HOW TO COMPLETE THIS TASK: Make an exact copy, from the records below, of the lines from the line containing "Hiking backpack 3F UL Qidian Pro 46+10L gray" to the line containing "2026 Avalanche Gray", both lines included, excluding pictures.

═══ EXTRACTED ENTRIES

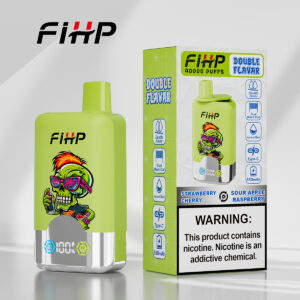 Vue alternative de FIHP 40000 Sour Apple Raspberry / Strawberry Cherry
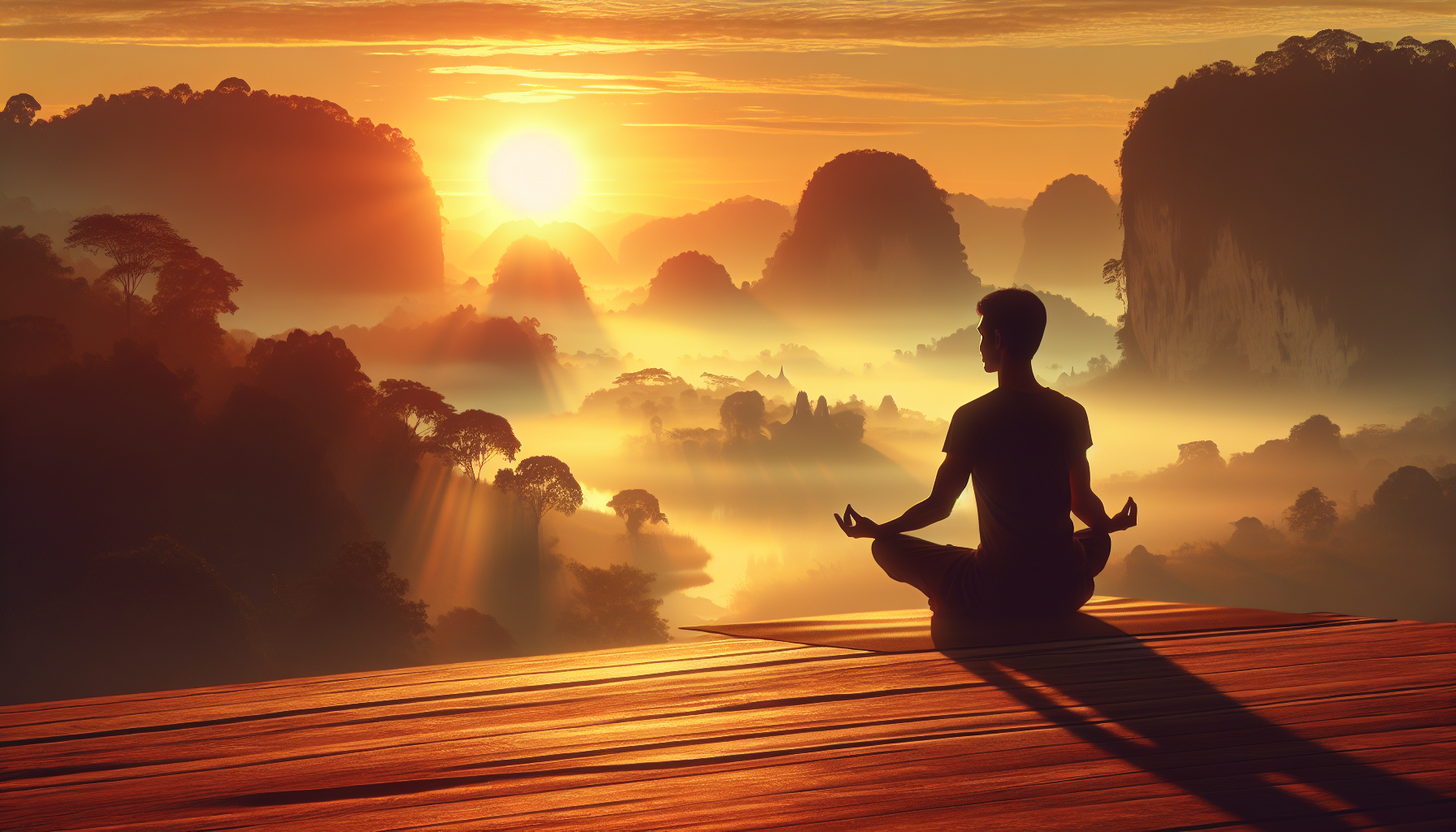 Yoga - Breathing & Meditation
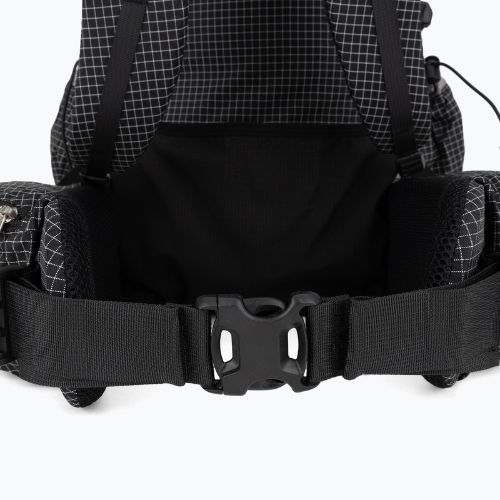 Hiking backpack 3F UL Qidian Pro 46+10L gray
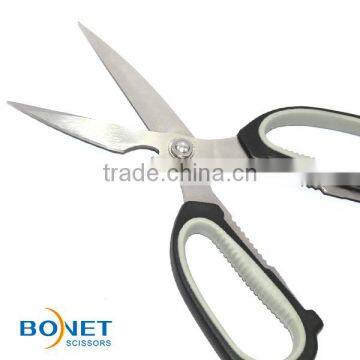 SKI0014 FDA Qualified 7-3/4" Sharp Point Kitchen Bottle Opener Scissors photo-5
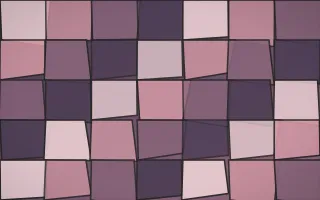 Rose Dusk Stained Glass — colourful red, pink and purple stained-glass background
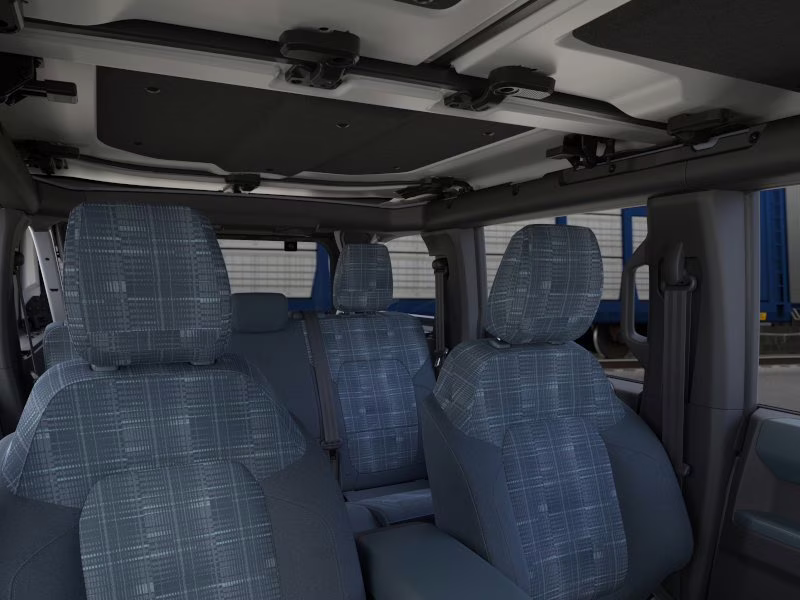 2026 Avalanche Gray Ford Bronco Heritage Edition 4X4 Convertible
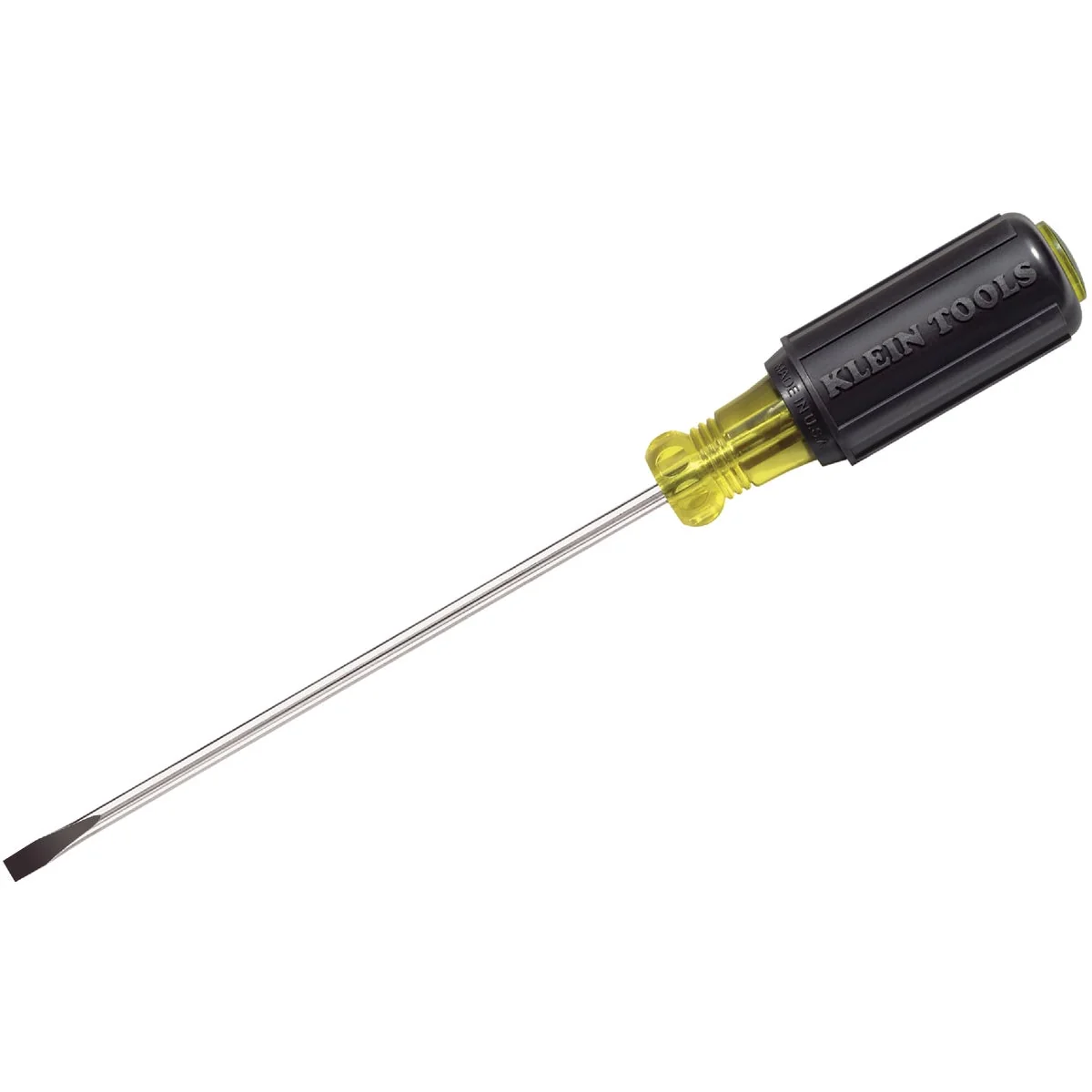 Expertly Made Klein 3 16 In. x 4 In. Cabinet-Tip Slotted Screwdriver Advanced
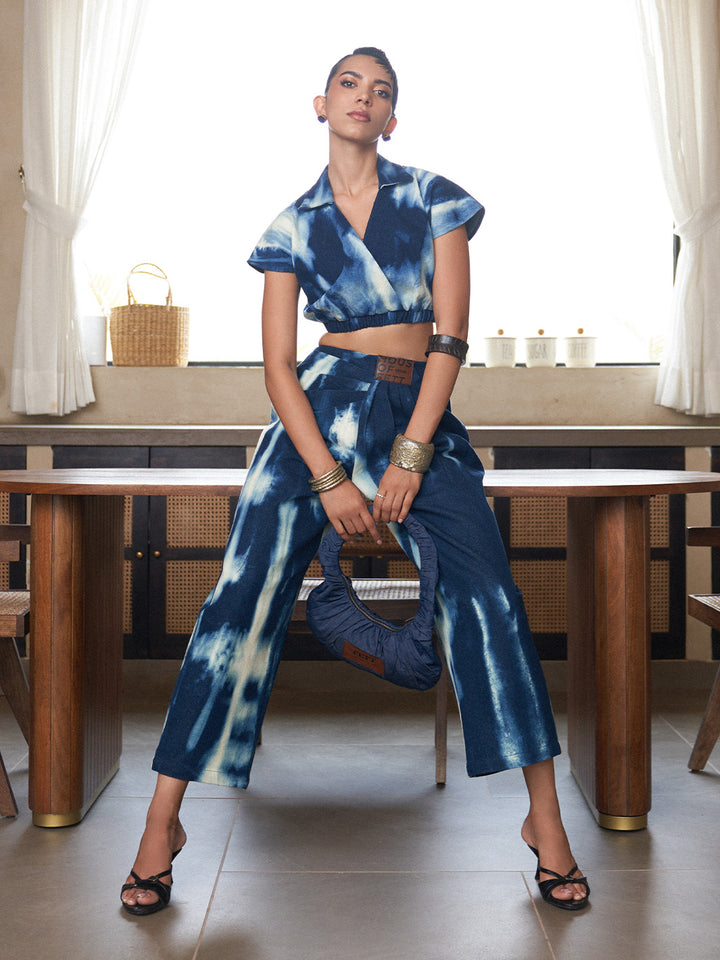 Denim Co-ord Set for Women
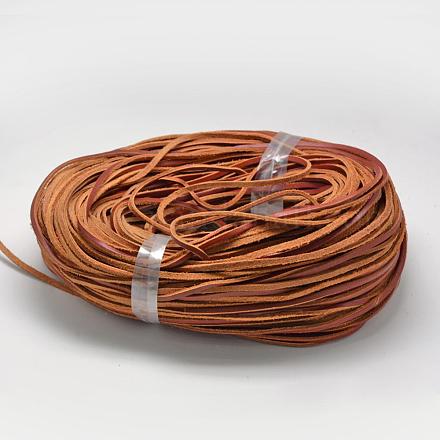 Кожаные шнуры WL-R007-3x2-03-1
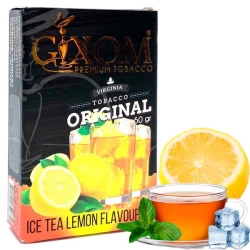 Табак Gixom Ice Tea Lemon (Лед Лимон Чай) 50 гр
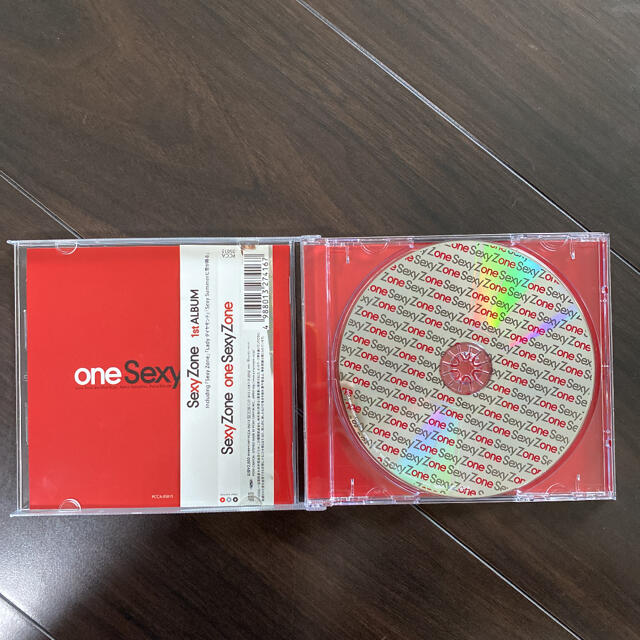 Sexy Zone(セクシー ゾーン)の1st.CDアルバム one Sexy Zone  エンタメ/ホビーのCD(ポップス/ロック(邦楽))の商品写真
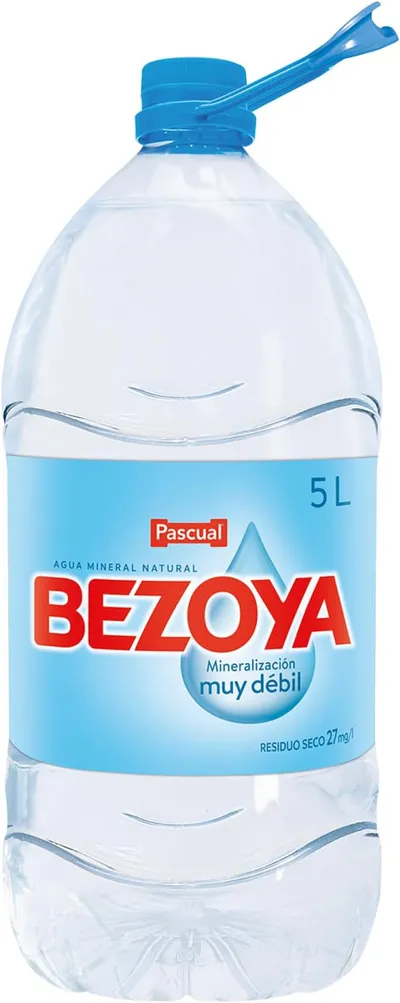 Agua mineral Bezoya 5L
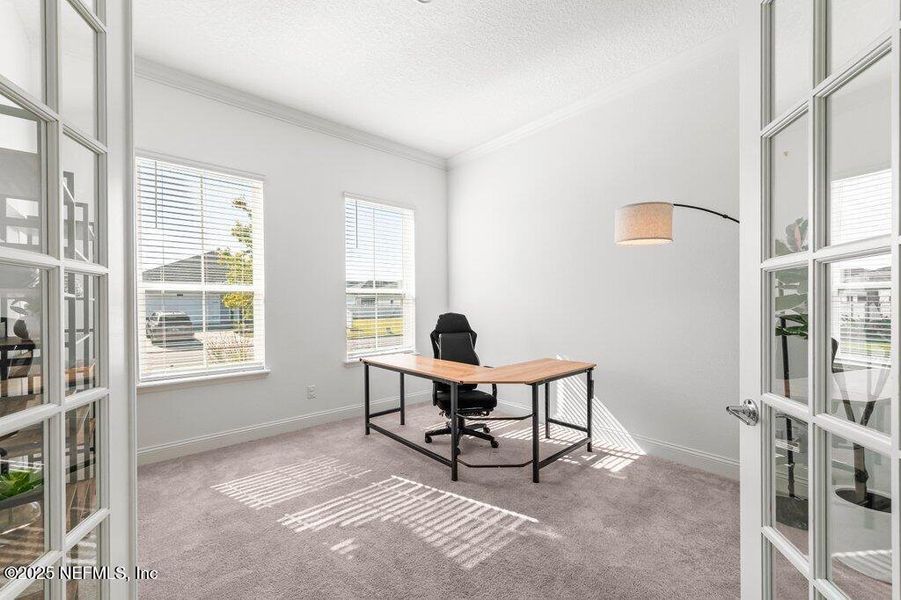 Furnished interior view inside a new home in , St. Augustine (Image 13). Furnished interior view inside a new home in , St. Augustine (Image 13).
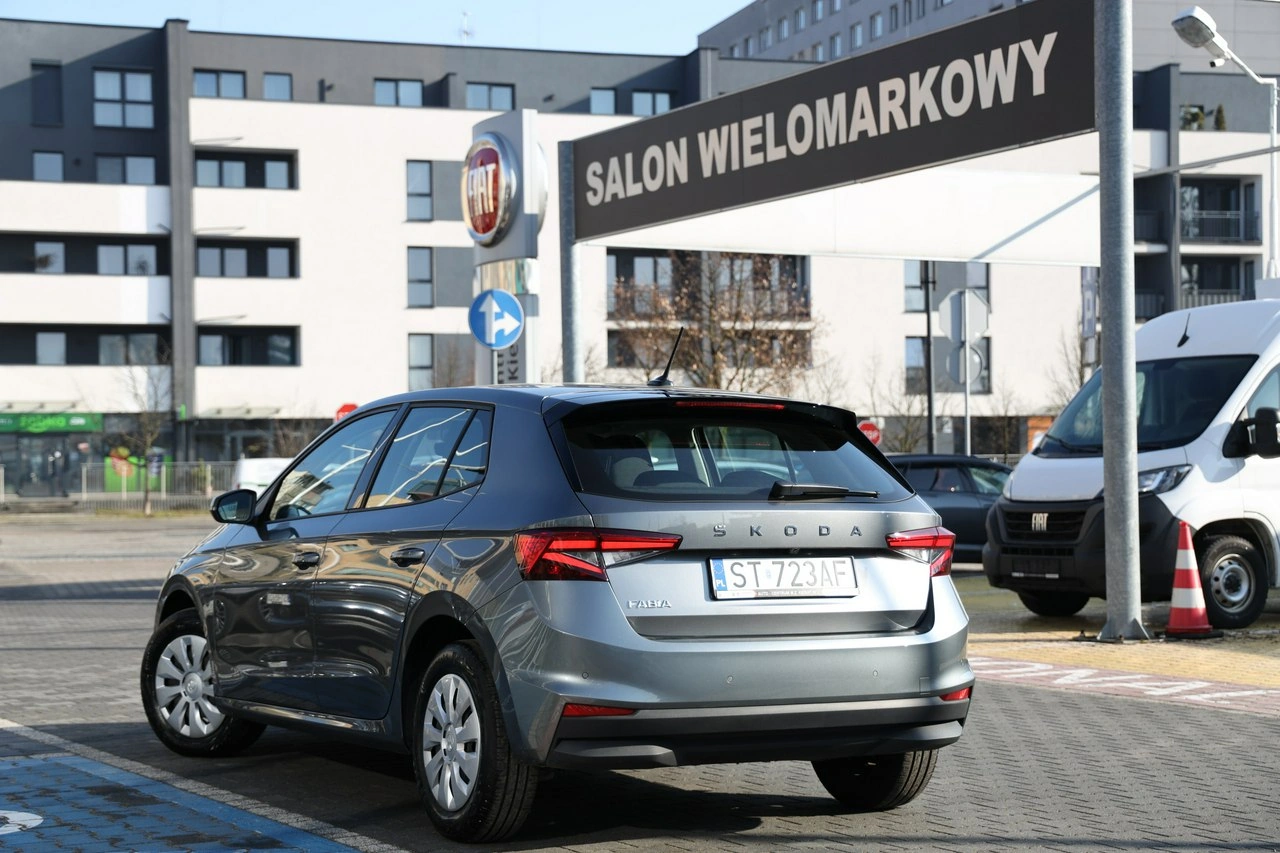 Skoda Fabia - Zdjęcie 7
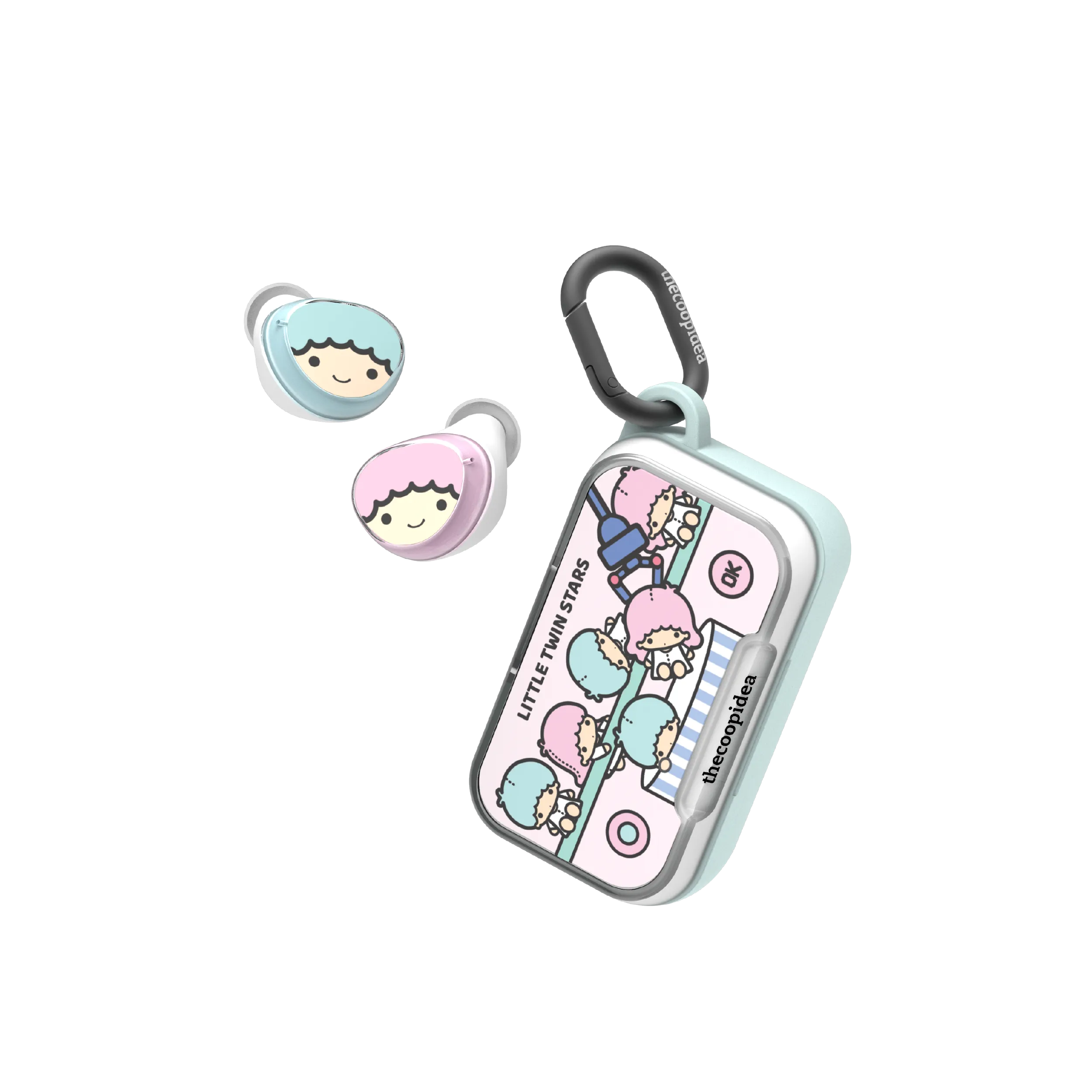 Sanrio BEANS DON True Wireless Earbuds - Little Twin Stars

══════

ANSWER TO THIS PROBLEM:
 Hiking backpack 3F UL Qidian Pro 46+10L gray
 SKI0014 FDA Qualified 7-3/4" Sharp Point Kitchen Bottle Opener Scissors photo-5
 Rose Dusk Stained Glass — colourful red, pink and purple stained-glass background
 2026 Avalanche Gray Ford Bronco Heritage Edition 4X4 Convertible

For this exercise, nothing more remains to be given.